Consistent Cluster Order with Kmeans in R

Consistent Cluster Order with Kmeans in R - r

This might not be possible, but Google has failed me so far so I'm hoping someone else might have some insight. Sorry if this has been asked before.
The background is, I have a database of information on different cities, so like name, population, pollution, crime, etc by year. I'm querying it to aggregate the data on a per-city basis and outputting the result to a table. That works fine.
The next step is I'm running the kmeans() function in R on the data set to find clusters, in testing I've found that 5 clusters is almost always a good choice via the "elbow method".
The issue I'm having is that these clusters have distinct meanings/interpretations, so I want to tag each row in the original data set with the cluster's interpretation for that row, not the cluster number. So I don't want to identify row 2 with "cluster 5", I want to say "low population, high crime, low income".
If R would output the clusters in the same order, say having cluster 5 always equate to the cluster of cities with "low population, high crime, low income", that would work fine, but it doesn't. For instance, if you run code like this:
> a = kmeans(city_date,centers=5)
> b = kmeans(city_date,centers=5)
> c = kmeans(city_date,centers=5)
The run this code:
a$centers
b$centers
c$centers
The clusters will all contain the same data set, but the cluster number will be different. So if I have a mapping table in SQL that has cluster number and interpretation, it won't work, because when I run it one day it might have the "low population, high crime, low income" cluster as 5, and the next it might be 2, the next 4, etc.
What I'm trying to figure out is if there is a way to keep the output consistent. The data set gets updated so it won't even be the same every time, and since R doesn't keep the cluster order consistent even with the same data set, I am wondering if it will be possible at all.
Thanks for any help anyone can provide. On my end my current idea is to output the $centers data to a SQL table, then order the table by the various metrics, each time the one with the highest/lowest getting tagged as such, and then concatenating the results to tag the level. This may work but isn't very elegant.
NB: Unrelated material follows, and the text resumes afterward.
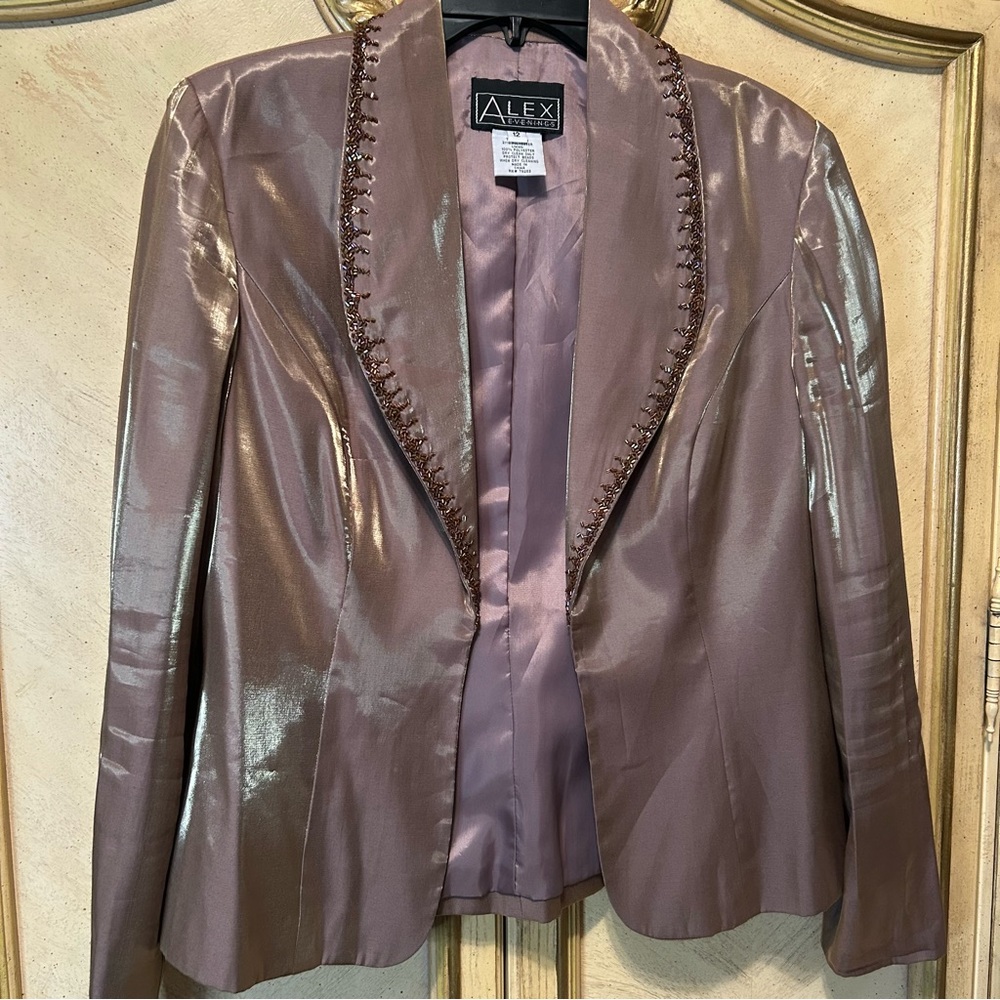 Vintage Alex Evening Beaded Lilac Gold Metallic Shimmer Open Front Jacket Blazer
I know this is a very old post, but I only came across it now. I had the same problem today and adapted the suggestion by Barker to come up with a solution:
library(dplyr)
# create a random data frame
df <- data.frame(id = 1:10, obs = sample(0:500, 10))
# use kmeans a first time to get the centers
centers <- kmeans(df$obs, centers = 3)$centers
# order the centers
centers <- sort(centers)
# call kmeans again but this time passing the centers calculated in the previous step
clusteridx <- kmeans(df$obs, centers = centers)$cluster
Not very elegant, but it works. The clusteridx vector will always return the cluster number based on the centers in ascending order.
This can also be collapsed into just one line if you prefer:
clusteridx <- kmeans(df$obs, centers = sort(kmeans(df$obs, centers = 3)$centers))$cluster

Usually k-means are initialized randomly few times to avoid local minimums. If you want to have resulting clusters ordered, you have to order them manually after k-means algorithm stops to work.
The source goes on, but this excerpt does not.